**Problem to solve:**
Every record below must be copied exactly, with images dropped.

**Entries provided:**
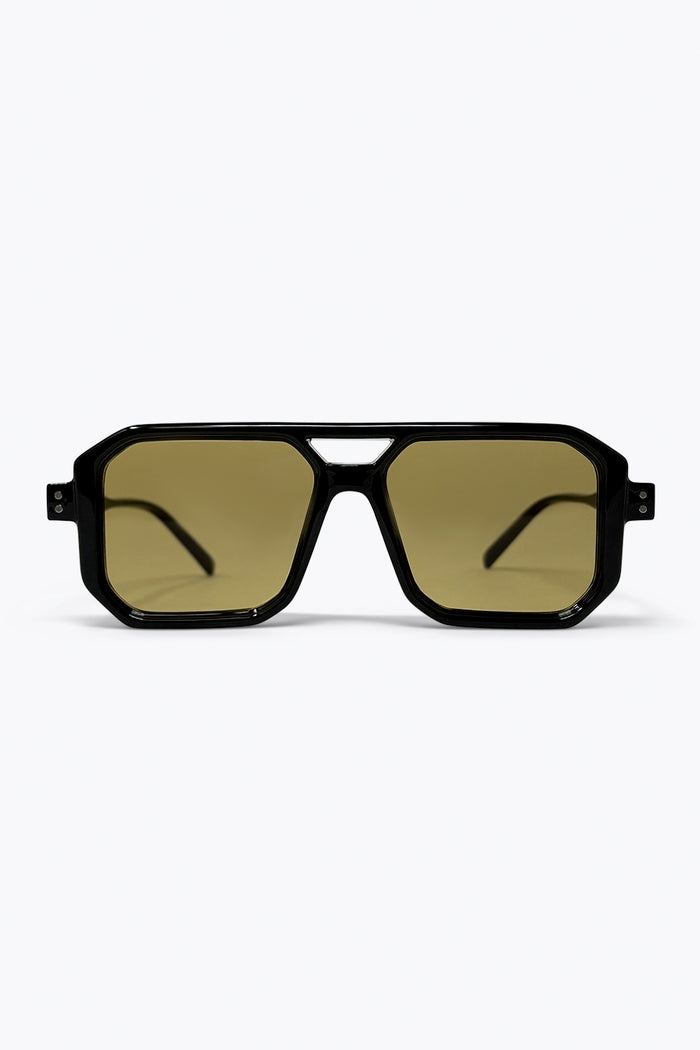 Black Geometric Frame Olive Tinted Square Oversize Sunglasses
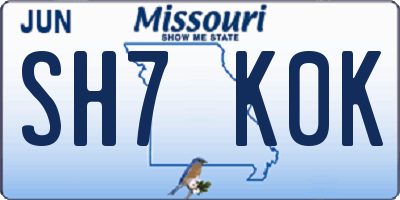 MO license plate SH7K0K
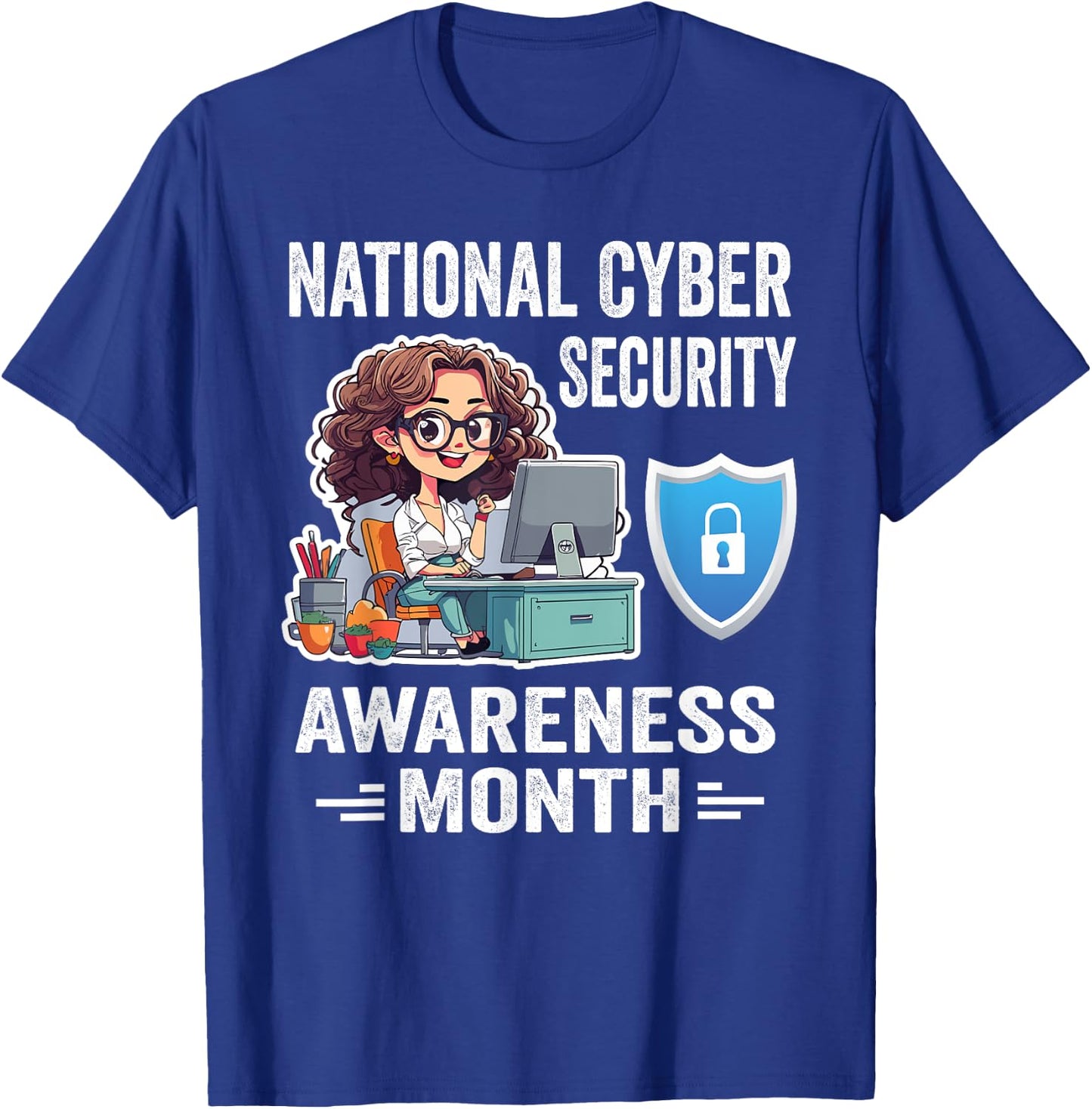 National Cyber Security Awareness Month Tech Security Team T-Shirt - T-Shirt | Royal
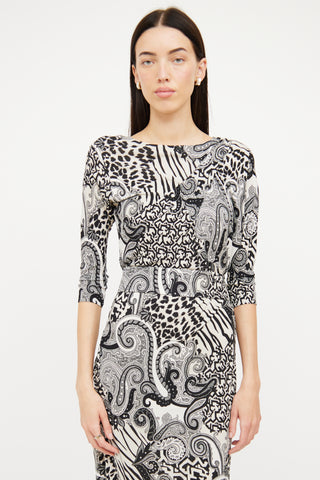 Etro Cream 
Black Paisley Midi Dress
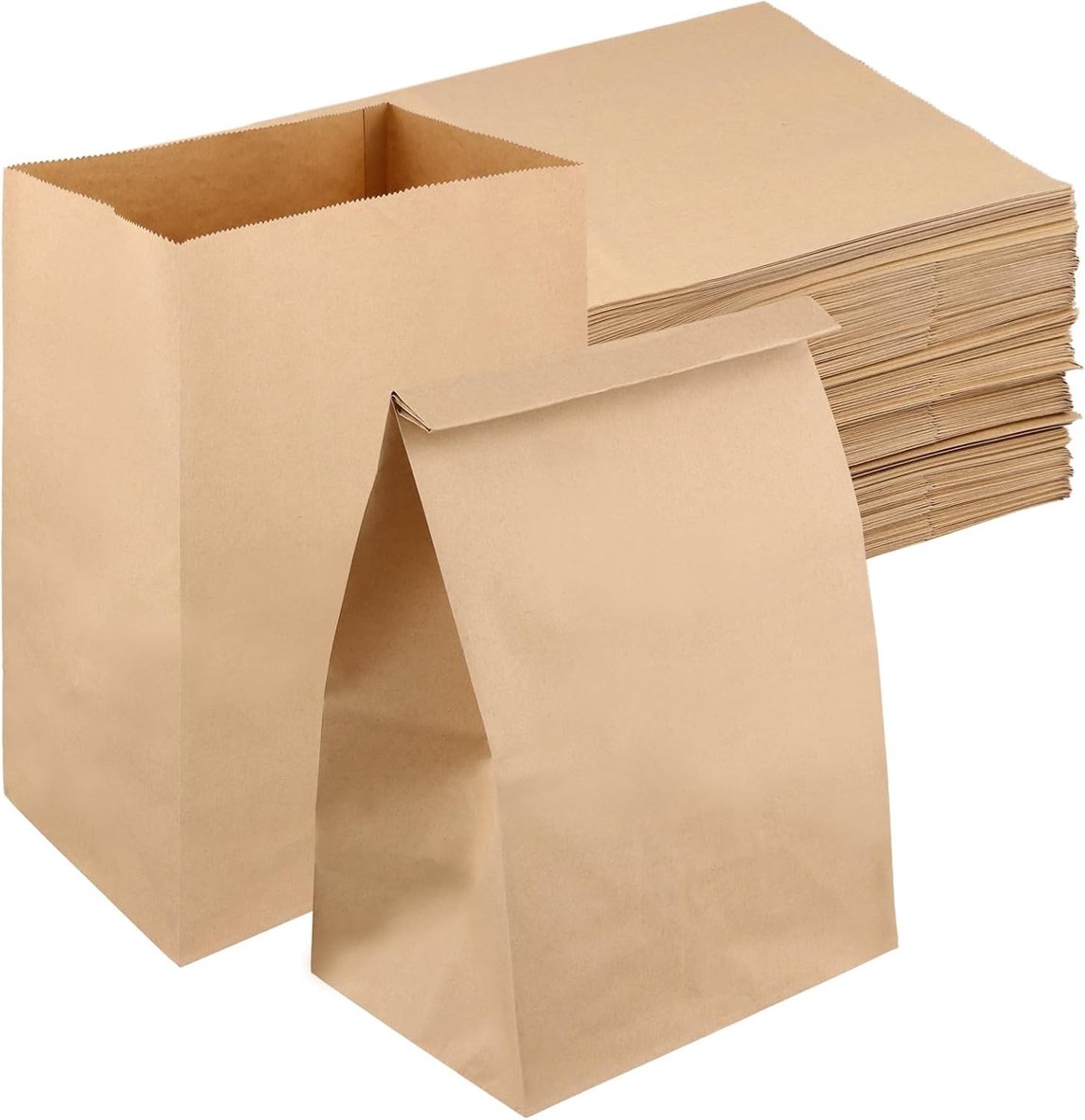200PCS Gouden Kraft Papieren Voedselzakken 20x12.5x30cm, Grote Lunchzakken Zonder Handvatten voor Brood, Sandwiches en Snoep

**Result below:**
 Black Geometric Frame Olive Tinted Square Oversize Sunglasses
 MO license plate SH7K0K
 National Cyber Security Awareness Month Tech Security Team T-Shirt - T-Shirt | Royal
 Etro Cream 
Black Paisley Midi Dress
200PCS Gouden Kraft Papieren Voedselzakken 20x12.5x30cm, Grote Lunchzakken Zonder Handvatten voor Brood, Sandwiches en Snoep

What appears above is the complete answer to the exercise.